Computerization made a difference in most businesses because they had automatable processes - billing, for example. Those automatable processes in health care are a lot fewer. The need for non-text data storage - Xrays, CTs, ophthalmology notes (multi-color drawings for most if not all patients), vascular surgery notes - makes health IT expensive and hard to do well.
In short, the reason we don't have this solved is that the problem is very hard, there are a lot of judgment calls about what the best way to solve the problem is, and most of the benefit only exists if there is a massive network effect."

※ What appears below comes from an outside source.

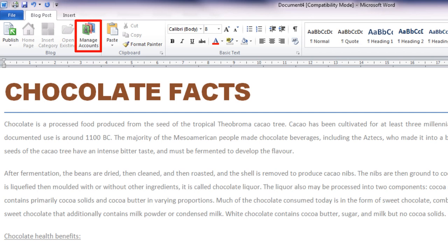The ribbon also includes a Manage Accounts button that lets you revise or add to your list of hosting sites. It is suggested that you use this feature with WordPress.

So what then does this show us. In my mind it shows that data itself is only interesting if we give it meaning. Part of any digital medical records project needs to involve questions about what it is they want from the data. Too often this question is ignored and the result is a system that doesn't meet the needs of end users as this commenter points out:
"Rick Weinhaus MD
One of the major problems with the current generation of Electronic Health Record (EHR) software is that it is barely usable or unusable -- the software is not based on how the human brain takes in, processes, and organizes information. In other words, the entire fields of cognitive science and of human factors have largely been ignored in the high-level design of EHRs.
A recent report from the National Research Council came to a similar conclusion. The report found that currently implemented healthcare IT programs often ‘provide little support for the cognitive tasks of the clinicians or the workflow of the people who must actually use the system . . . [and] do not take advantage of human-computer interaction principles, leading to poor designs that can increase the chance of error, add to rather than reduce work, and compound the frustrations of executing required tasks.’
The current generation of EHR software does a poor job of presenting information visually, thereby not taking advantage of the highly developed processing capabilities of the human visual system.
Secondly, for EHR technology to be truly useful for physicians, the software design must correspond to the physician’s mental model of the patient. I believe the mental model most physicians implicitly use is that the patient is a dynamic organism whose health changes over time. The temporal sequence of past, inter-related events is the best way to comprehend current health issues."